"¡Qué temeroso vives! Por tu carta conozco tu corazón, no hay razón para tanto cavilar", escribía desde Buenos Aires, en setiembre de 1815, fray Cayetano Rodríguez a su gran amigo el luego obispo José Agustín Molina, a Tucumán. El tema era la próxima reunión, en nuestra ciudad, del Congreso en el que Rodríguez tenía banca de diputado.

"Ahora encuentras mil escollos en que sea el Congreso en Tucumán. ¿Y dónde quieres que sea? ¿En Buenos Aires? ¿No sabes que todos se excusan de venir a un pueblo a quien miran como opresor de sus derechos y que aspira a subyugarlos? ¿No sabes que aquí las bayonetas imponen la ley y aterran hasta los pensamientos? ¿No sabes que el nombre de ?porteño? está odiado en las Provincias Unidas o desunidas del Río de la Plata? ¿Qué avanzamos con un Congreso en que no ha de presidir la confianza y la buena fe?", decía Rodríguez.

A su criterio, era necesario "dar un testimonio de que se sacrifica todo por la unión y la paz.

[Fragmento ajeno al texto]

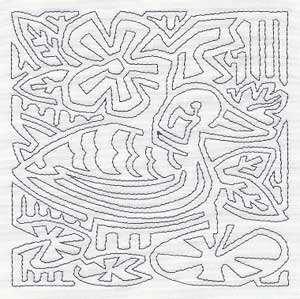 Mola Argentine Duck Quilting Square (Single Run)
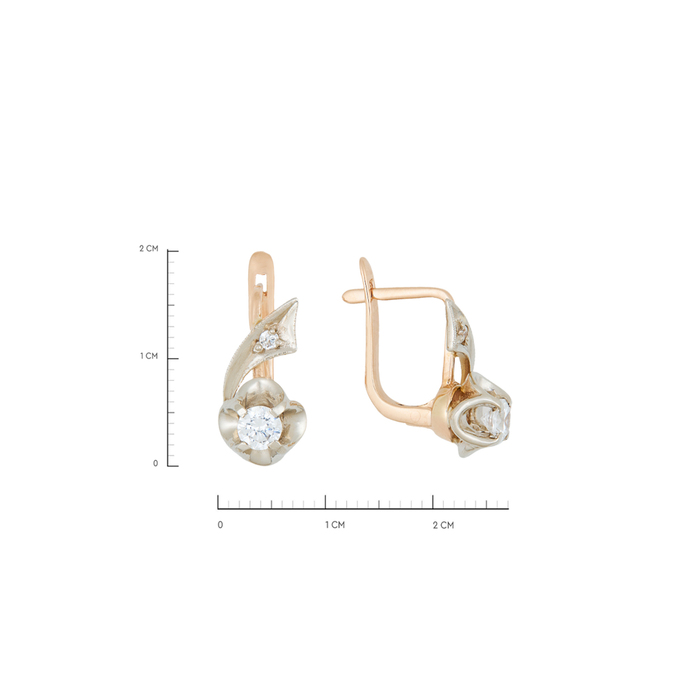 Серьги из золота 585 пробы c фианитами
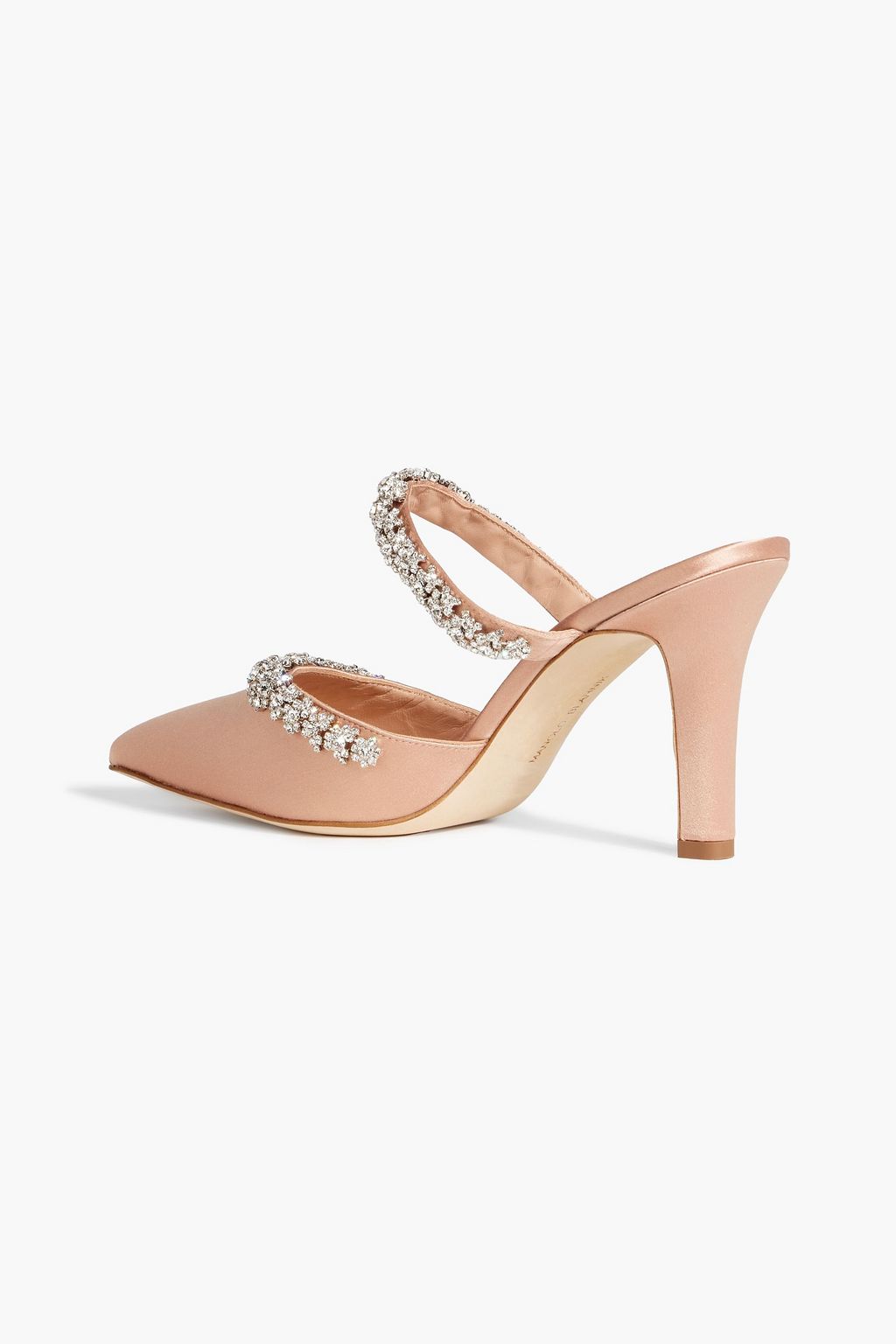 MANOLO BLAHNIK Vedadamu 90 crystal-embellished satin mules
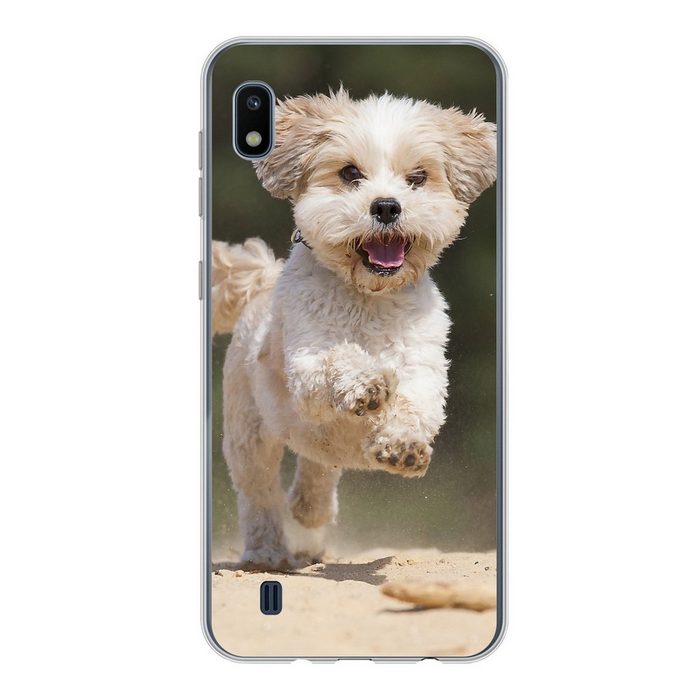MuchoWow Handyhülle Ein Shih Tzu Hund hüpft durch den gelben Sand Handyhülle Samsung Galaxy A10 Smartphone-Bumper Print Handy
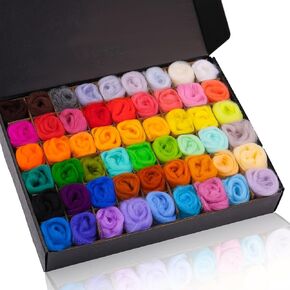 WONVOC Needle Felting Wool 80 g, Wool Roving, 8 Colors Felting Wool, Felting Wool Bulk, Wool Roving for Needle Felting, for DIY Craft Materials and Felting Wool Craftsmen, White, Black, Brown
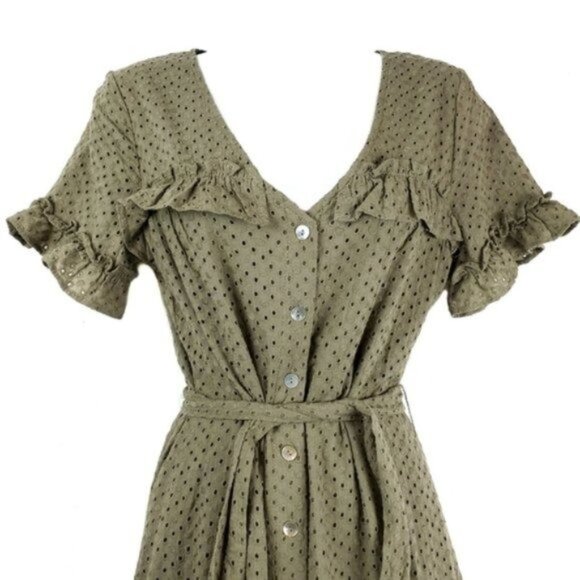 First Monday Womens Green Tie Waist Ruffle Eyelet Midi Dress Size XS NWT - Picture 2 of 5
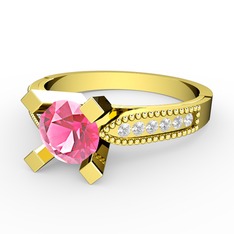 Pembe kuvars ve pırlanta 8 ayar altın yüzük (0.132 karat)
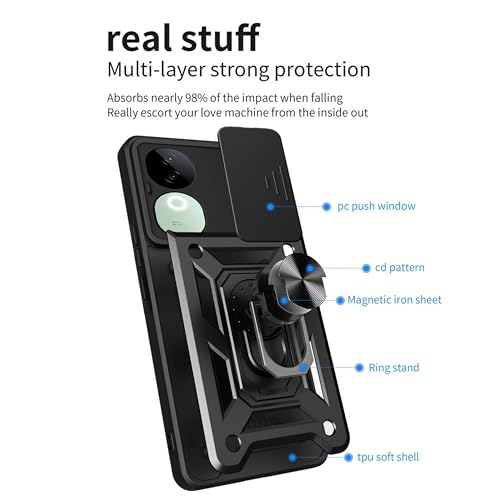 Image of SPAZY CASE vivo V50 5G Back Cover | Heavy Duty Hybrid Case with 360 Degree Rotating Finger Ring Holder + Slider Shutter Camera Protection Case for vivo V50 5G - Black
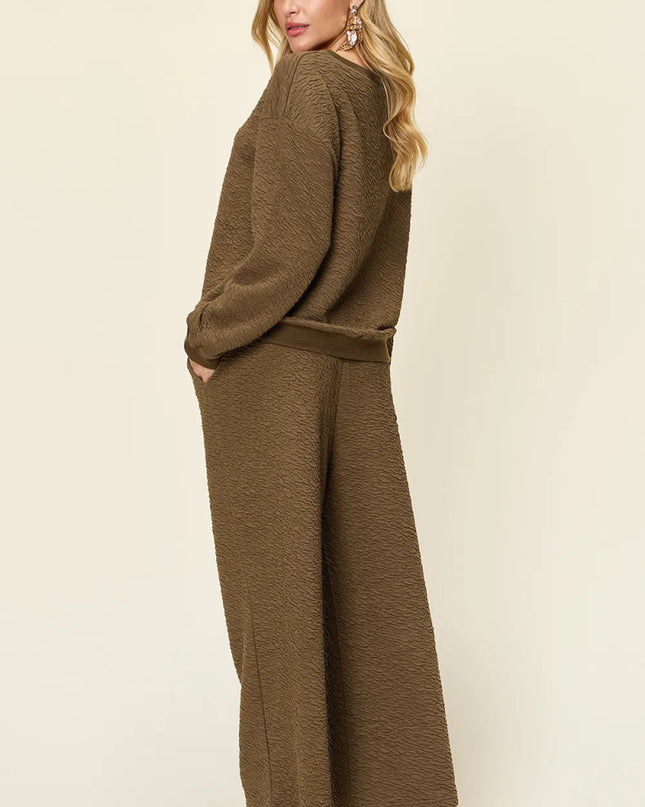 Double Take Full Size Texture Long Sleeve Top and Pants Set - Sleekdenim.com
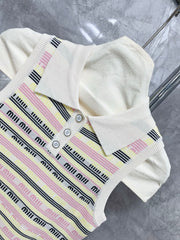 Contrast color lettering striped lapel vest dress
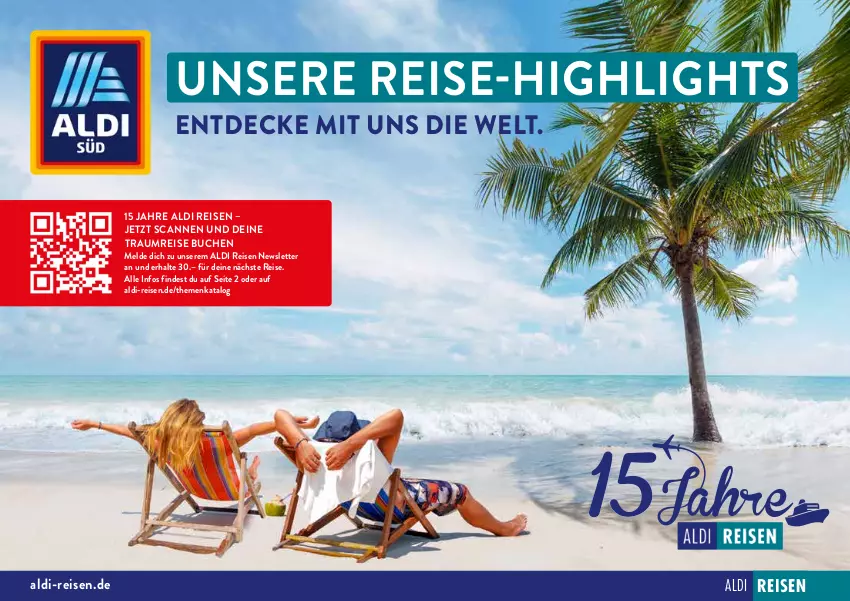 Aktueller Prospekt AldiSud - UNSERE LIEBLINGSREISEN - von 01.08 bis 31.08.2022 - strona 1 - produkty: aldi, buch, decke, eis, reis, reise-highlights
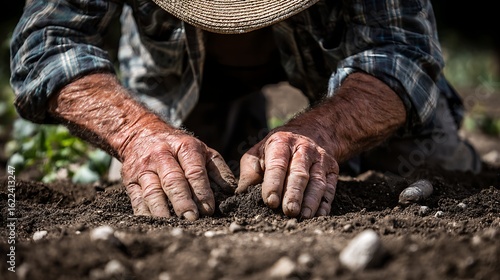 Experienced farmer planting seeds in rich soil, hands deeply engaged with the earth, symbolizing growth and harvest.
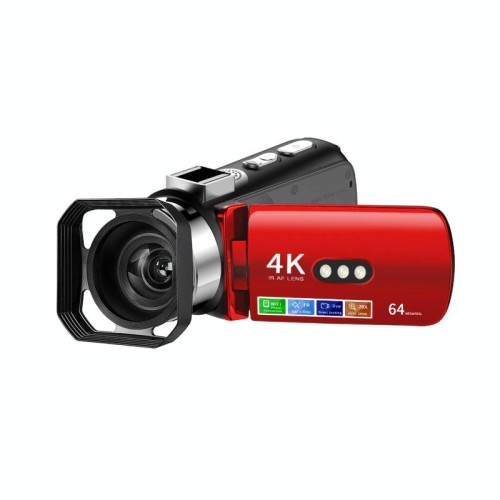 Videocamera digitale WiFi HD 4K senza luce, visione notturna colorata, colore: rosso + paraluce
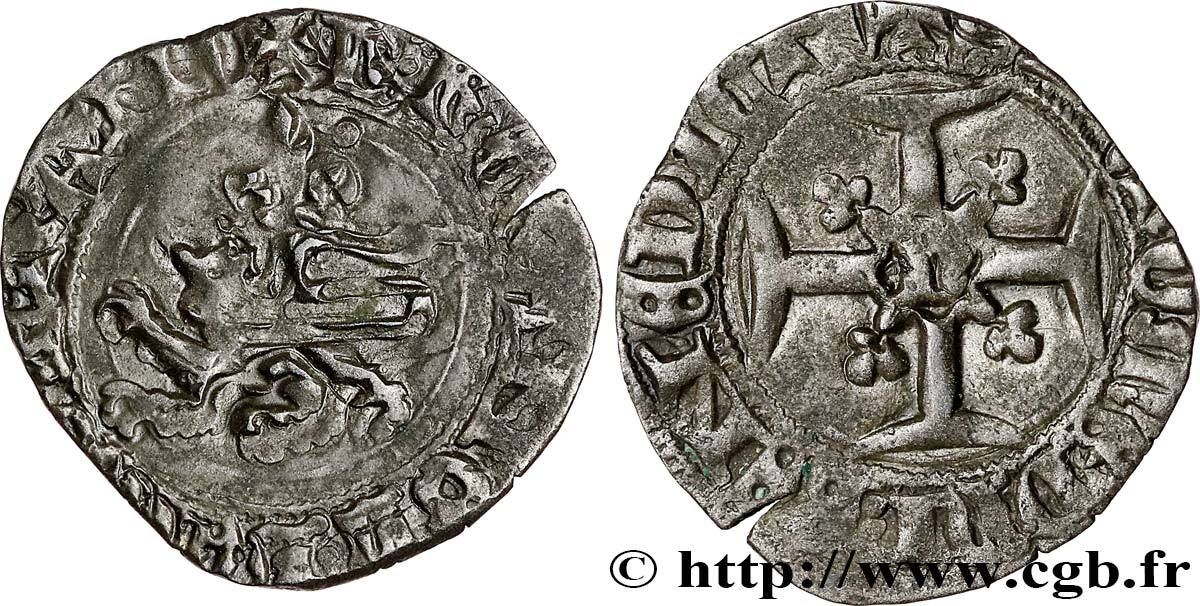 HENRY V OF LANCASTER Double tournois ou niquet dit  Léopard  30/11/1421 Rouen XF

Tucumán es pueblo pacífico, en buena distancia de todas las ciudades, no funda celos entre los concurrentes y es una localidad agradable, que da poco lugar para extrañar el país respectivo de cada diputado".

Otra objeción de Molina era que no había libros. "Los llevarán de Buenos Aires, vendrán muchos del Perú, cada diputado llevará los suyos", replicaba el fraile. Y sobre que "no hay talentos", afirmaba que, por el contrario, "sobran". Él quisiera "mejores corazones, buena fe, amar al bien común, unión, virtudes", calidades que reemplazan "a los talentos sublimes, a los grandes ingenios".